**PROBLEM**
With the pictures left out, print exactly the lines below that run from the one containing "Canapé D’angle Réversible" through the one containing "Funda para Teléfono".

(Dataset entries)
○ ○ ○ ○ ○
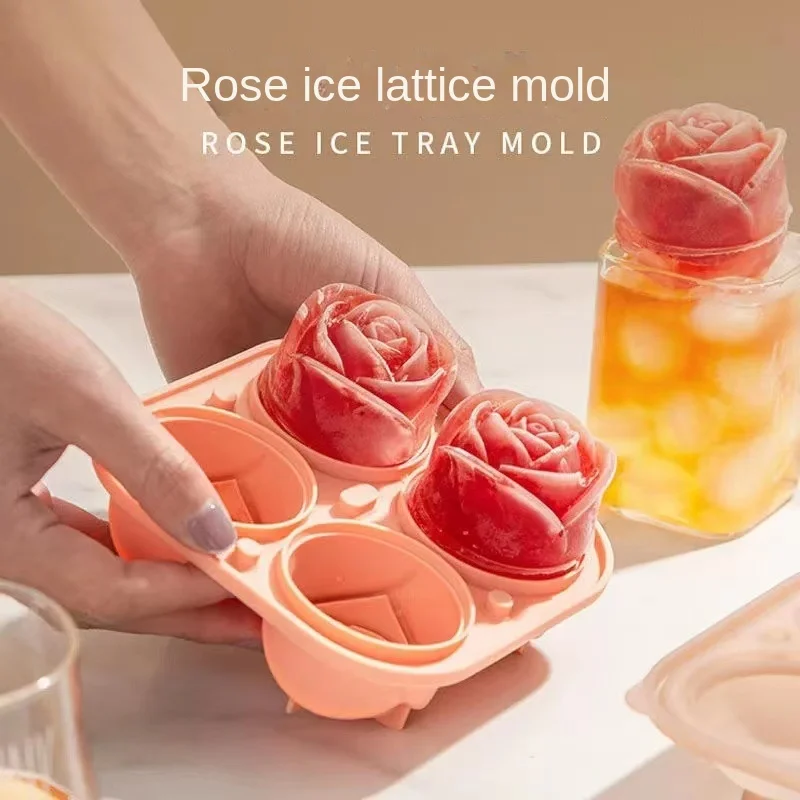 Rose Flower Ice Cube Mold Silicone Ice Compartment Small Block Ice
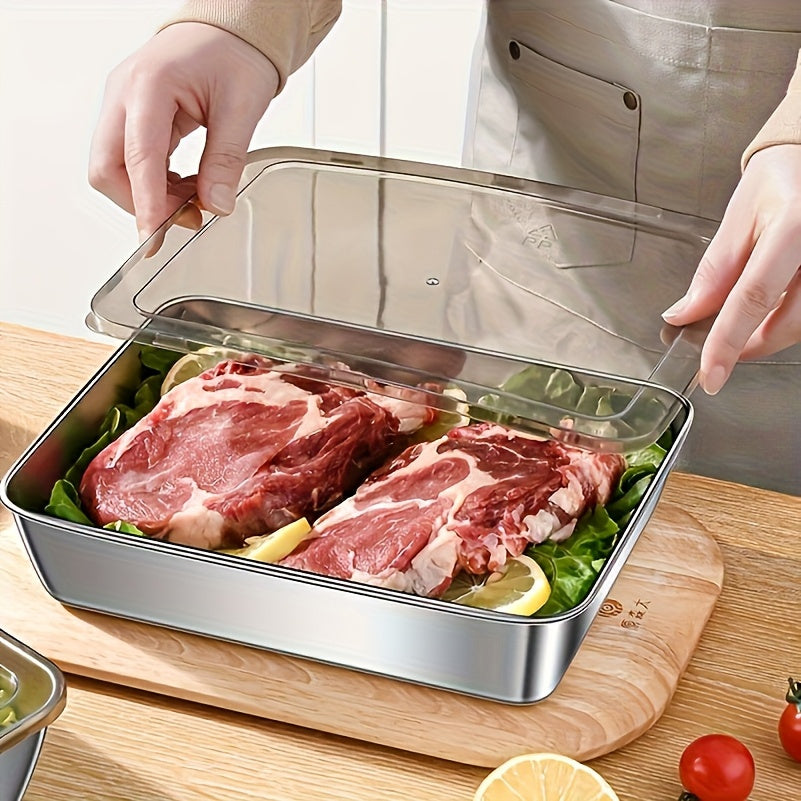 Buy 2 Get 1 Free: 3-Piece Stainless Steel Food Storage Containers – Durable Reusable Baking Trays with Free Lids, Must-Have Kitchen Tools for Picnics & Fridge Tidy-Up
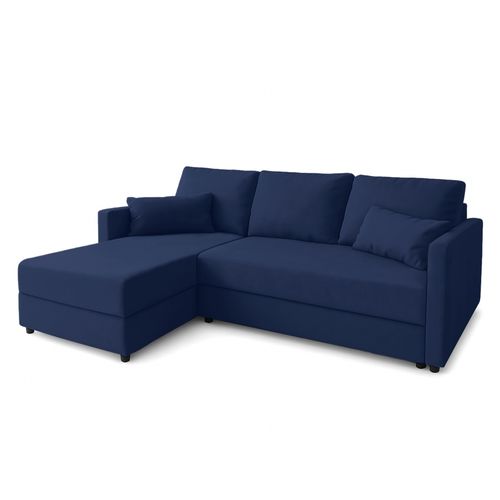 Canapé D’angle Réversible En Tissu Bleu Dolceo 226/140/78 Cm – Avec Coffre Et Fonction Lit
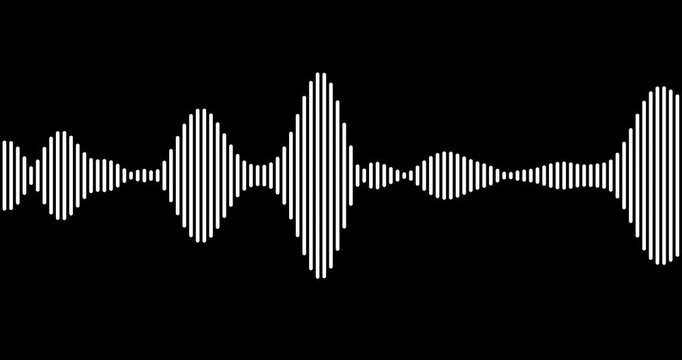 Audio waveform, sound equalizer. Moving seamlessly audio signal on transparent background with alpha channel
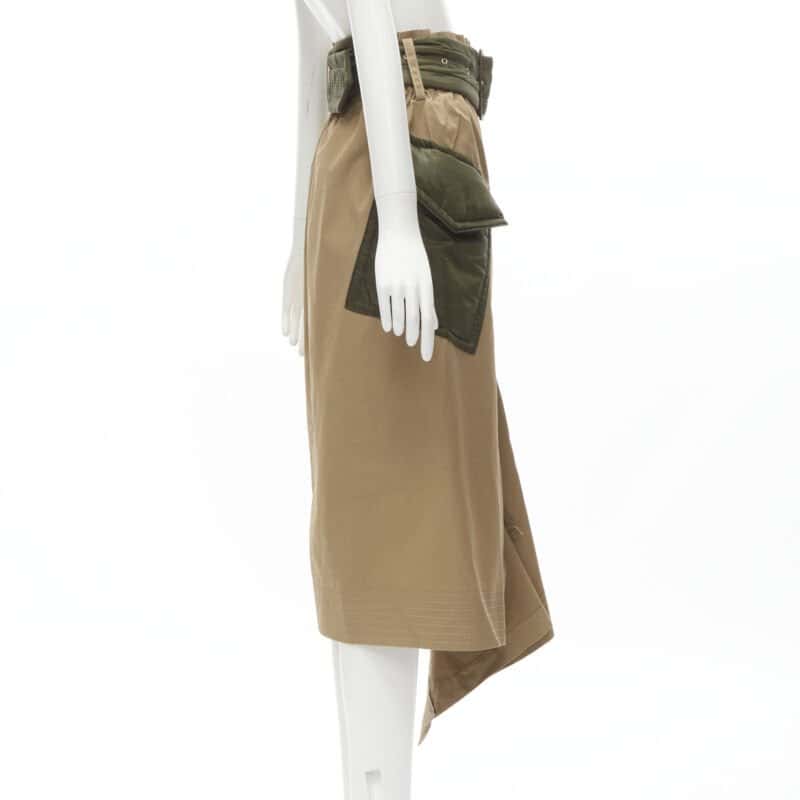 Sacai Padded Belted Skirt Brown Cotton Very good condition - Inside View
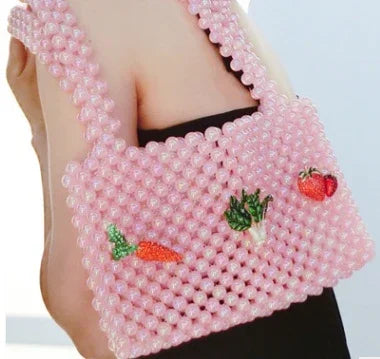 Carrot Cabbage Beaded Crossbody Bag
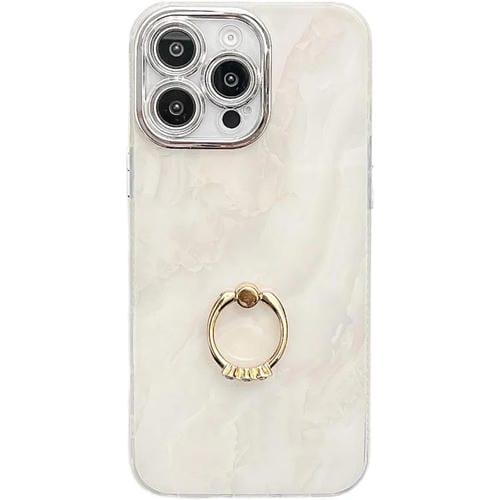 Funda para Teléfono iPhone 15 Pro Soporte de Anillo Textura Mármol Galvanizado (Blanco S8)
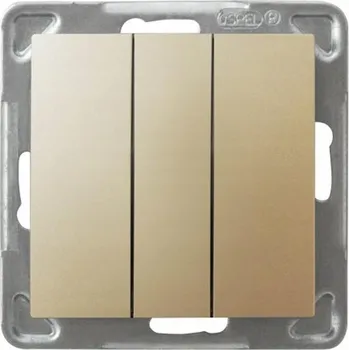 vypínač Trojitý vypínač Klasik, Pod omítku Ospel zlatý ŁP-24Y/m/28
○ ○ ○ ○ ○
**ANSWER SECTION**
 Canapé D’angle Réversible En Tissu Bleu Dolceo 226/140/78 Cm – Avec Coffre Et Fonction Lit
 Audio waveform, sound equalizer. Moving seamlessly audio signal on transparent background with alpha channel
 Sacai Padded Belted Skirt Brown Cotton Very good condition - Inside View
 Carrot Cabbage Beaded Crossbody Bag
 Funda para Teléfono iPhone 15 Pro Soporte de Anillo Textura Mármol Galvanizado (Blanco S8)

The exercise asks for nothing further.